The PanDA Production and Distributed Analysis System
Introduction
The PanDA Production ANd Distributed Analysis system has been developed by ATLAS since summer 2005 to meet ATLAS requirements for a data-driven workload management system for production and distributed analysis processing capable of operating at LHC data processing scale. ATLAS processing and analysis places challenging requirements on throughput, scalability, robustness, efficient resource utilization, minimal operations manpower, and tight integration of data management with processing workflow. PanDA was initially developed for US based ATLAS production and analysis, and assumed that role in late 2005. In October 2007 PanDA was adopted by the ATLAS Collaboration as the sole system for distributed processing production across the Collaboration. It proved itself as a scalable and reliable system capable of handling very large workflow. In 2008 it was adopted by ATLAS for user analysis processing as well.

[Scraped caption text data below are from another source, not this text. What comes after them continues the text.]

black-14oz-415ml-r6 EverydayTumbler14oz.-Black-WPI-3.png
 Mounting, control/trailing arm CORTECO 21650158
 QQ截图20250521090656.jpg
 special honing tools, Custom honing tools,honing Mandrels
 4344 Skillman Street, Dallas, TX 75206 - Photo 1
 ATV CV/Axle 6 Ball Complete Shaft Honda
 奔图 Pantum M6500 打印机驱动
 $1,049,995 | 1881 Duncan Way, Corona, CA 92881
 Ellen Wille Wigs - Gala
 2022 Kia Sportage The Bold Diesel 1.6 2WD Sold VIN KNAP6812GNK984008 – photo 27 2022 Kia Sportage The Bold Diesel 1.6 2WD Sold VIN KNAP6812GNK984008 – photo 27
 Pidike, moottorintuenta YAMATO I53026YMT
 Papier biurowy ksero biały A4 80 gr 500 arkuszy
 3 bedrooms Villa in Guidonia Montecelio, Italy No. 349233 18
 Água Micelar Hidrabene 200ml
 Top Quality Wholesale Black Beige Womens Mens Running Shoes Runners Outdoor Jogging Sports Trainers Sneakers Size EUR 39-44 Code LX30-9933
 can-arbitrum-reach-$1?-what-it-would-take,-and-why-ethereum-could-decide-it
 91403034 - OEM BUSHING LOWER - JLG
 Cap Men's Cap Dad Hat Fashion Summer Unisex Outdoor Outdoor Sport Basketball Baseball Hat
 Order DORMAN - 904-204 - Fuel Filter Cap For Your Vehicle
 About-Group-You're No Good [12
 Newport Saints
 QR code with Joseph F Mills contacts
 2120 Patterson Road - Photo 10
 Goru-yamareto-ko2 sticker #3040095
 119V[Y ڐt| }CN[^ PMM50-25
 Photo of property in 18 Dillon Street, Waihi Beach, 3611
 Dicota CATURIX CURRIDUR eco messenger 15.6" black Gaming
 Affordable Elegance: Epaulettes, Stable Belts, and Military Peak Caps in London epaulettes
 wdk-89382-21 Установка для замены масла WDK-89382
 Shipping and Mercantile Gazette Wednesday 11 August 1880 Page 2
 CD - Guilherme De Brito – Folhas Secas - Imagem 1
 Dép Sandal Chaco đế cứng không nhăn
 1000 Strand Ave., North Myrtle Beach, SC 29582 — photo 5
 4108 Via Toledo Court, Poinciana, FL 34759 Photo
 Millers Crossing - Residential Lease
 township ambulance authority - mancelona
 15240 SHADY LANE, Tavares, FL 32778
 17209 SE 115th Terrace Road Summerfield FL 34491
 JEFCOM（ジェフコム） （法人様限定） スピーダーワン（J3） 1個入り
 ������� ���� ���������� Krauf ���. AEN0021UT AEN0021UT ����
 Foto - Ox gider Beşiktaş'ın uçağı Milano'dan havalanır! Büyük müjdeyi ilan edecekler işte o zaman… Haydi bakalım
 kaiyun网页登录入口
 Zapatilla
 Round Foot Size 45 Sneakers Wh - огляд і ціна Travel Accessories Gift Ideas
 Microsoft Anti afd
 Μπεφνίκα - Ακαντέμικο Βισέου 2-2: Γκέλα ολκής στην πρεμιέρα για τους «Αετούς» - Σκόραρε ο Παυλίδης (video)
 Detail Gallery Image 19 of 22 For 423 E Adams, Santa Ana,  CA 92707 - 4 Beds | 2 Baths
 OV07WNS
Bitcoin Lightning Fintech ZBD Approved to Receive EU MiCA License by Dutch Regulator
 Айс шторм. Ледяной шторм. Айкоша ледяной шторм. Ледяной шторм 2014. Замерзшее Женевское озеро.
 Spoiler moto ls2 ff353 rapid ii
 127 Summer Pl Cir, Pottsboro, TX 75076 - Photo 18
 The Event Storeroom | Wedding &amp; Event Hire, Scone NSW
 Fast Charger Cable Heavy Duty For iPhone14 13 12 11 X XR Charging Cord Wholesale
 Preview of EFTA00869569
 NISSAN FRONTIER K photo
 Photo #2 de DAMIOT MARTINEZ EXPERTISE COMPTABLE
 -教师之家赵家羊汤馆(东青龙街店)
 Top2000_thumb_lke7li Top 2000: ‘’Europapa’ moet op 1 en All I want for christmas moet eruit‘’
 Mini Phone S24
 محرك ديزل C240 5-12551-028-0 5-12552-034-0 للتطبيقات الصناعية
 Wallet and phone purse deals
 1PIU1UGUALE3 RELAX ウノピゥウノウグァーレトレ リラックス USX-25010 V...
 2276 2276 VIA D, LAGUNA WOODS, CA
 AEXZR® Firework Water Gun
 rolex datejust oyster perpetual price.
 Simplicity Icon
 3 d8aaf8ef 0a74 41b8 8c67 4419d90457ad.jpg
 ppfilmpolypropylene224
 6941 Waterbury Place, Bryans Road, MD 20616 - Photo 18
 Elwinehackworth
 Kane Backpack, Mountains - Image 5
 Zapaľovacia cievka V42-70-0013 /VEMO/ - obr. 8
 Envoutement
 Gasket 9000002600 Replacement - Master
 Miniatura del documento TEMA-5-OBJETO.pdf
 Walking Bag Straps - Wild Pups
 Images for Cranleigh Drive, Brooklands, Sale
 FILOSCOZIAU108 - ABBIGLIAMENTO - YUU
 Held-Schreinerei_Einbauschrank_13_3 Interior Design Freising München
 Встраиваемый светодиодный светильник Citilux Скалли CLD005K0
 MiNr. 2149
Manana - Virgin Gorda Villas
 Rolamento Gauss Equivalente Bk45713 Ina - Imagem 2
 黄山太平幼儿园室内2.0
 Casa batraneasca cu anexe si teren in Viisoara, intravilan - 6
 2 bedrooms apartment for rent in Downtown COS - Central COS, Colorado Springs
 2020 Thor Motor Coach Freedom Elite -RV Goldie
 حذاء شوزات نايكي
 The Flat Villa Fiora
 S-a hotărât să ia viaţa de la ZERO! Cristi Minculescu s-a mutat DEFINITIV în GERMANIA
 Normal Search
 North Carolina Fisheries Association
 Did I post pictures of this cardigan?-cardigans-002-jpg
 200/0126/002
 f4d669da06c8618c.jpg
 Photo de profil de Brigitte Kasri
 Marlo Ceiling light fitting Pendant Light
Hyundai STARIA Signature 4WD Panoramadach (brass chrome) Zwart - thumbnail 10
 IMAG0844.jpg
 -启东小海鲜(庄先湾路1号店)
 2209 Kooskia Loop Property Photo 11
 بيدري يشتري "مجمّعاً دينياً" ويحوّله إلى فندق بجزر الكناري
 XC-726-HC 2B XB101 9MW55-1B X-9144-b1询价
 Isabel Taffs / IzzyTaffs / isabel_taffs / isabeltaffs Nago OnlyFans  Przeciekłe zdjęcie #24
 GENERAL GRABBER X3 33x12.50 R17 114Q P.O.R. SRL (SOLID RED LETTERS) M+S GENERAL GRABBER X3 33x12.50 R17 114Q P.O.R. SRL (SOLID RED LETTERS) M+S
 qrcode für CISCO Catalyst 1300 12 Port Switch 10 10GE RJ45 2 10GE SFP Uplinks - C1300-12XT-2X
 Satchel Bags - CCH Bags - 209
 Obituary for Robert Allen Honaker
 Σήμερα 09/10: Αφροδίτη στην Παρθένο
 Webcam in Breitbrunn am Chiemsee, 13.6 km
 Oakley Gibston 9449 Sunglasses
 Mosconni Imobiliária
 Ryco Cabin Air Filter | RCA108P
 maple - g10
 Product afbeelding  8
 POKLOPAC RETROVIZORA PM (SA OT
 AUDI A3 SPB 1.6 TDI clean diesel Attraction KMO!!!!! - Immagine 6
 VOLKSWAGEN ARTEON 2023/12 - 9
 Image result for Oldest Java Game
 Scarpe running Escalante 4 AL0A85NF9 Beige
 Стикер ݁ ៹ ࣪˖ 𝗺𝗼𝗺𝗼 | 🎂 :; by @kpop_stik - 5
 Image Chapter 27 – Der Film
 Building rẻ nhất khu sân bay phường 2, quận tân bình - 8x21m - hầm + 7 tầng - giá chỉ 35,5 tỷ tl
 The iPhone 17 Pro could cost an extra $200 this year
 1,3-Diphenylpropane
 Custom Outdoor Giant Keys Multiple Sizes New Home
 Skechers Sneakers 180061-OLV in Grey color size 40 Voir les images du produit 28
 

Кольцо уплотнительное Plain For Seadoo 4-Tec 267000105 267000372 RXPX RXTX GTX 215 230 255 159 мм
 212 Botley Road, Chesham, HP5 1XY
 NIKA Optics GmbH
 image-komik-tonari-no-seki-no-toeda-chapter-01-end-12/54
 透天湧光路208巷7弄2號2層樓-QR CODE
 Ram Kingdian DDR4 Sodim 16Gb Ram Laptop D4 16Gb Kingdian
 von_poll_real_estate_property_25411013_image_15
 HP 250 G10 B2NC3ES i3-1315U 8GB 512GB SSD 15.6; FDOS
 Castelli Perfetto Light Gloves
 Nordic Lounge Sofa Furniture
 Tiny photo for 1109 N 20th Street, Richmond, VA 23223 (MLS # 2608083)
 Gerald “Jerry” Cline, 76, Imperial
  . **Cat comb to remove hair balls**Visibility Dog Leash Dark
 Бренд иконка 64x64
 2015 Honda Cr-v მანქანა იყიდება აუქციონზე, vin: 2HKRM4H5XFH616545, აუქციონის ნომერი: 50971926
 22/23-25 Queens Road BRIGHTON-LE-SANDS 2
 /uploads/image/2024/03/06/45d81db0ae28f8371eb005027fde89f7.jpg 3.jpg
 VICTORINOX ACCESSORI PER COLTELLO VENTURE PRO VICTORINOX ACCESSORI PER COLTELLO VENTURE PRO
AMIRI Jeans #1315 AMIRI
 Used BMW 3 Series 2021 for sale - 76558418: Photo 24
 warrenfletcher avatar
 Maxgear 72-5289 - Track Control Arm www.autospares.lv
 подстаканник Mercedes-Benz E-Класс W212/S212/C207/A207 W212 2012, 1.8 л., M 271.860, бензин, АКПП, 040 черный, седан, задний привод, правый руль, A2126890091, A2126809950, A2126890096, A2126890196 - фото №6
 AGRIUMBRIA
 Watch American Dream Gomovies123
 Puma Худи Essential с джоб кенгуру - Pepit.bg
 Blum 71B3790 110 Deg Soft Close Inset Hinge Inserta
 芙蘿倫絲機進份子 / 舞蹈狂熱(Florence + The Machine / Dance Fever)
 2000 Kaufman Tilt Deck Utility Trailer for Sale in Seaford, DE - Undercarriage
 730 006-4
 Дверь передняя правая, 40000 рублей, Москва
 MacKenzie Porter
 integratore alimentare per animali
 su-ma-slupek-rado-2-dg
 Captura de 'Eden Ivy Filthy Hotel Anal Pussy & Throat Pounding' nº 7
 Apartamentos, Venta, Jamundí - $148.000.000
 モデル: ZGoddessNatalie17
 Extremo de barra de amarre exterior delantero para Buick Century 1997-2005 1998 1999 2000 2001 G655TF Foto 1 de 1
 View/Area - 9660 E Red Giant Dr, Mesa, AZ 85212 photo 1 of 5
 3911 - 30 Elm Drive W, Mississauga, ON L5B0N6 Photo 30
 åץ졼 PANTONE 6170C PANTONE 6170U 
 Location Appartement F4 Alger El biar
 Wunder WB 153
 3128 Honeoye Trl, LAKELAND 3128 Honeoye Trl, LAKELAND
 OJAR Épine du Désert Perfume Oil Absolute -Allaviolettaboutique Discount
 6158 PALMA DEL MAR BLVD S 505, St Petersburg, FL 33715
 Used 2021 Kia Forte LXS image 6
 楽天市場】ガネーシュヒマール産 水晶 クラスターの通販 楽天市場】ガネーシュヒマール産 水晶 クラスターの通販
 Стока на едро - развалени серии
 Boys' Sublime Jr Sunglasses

PanDA throughput has been rising continuously over the years. In 2009, a typical PanDA processing rate was 50k jobs/day and 14k CPU wall-time hours/day for production at 100 sites around the world, and 3-5k jobs/day for analysis.
In 2014, PanDA processes about a million jobs per day, with about 150,000 jobs running at any given time.
The PanDA analysis user community numbers over 1400.
PanDA was designed to have the flexibility to adapt to emerging computing technologies in processing, storage, networking and distributed computing middleware. This flexibility has also been successfully demonstrated through the past six years of evolving technologies adapted by computing centers in ATLAS which span many continents. This proven scalability and flexibility makes PanDA well suited for adoption by a wide variety of exabyte scale sciences.
The interest in PanDA by other big data sciences brought the primary motivation to generalize PanDA, aka the BigPanDA project, providing location transparency of processing and data management, for High Energy Physics community and other data-intensive sciences, and a wider exascale community. The BigPanDA project has been active since September 2012.
Design and implementation
Principal design features
The principal features of PanDA's design are as follows.
- Support for both managed production and individual analysis users so as to benefit from a common WMS infrastructure and to allow analysis to leverage production operations support, thereby minimizing overall operations workload.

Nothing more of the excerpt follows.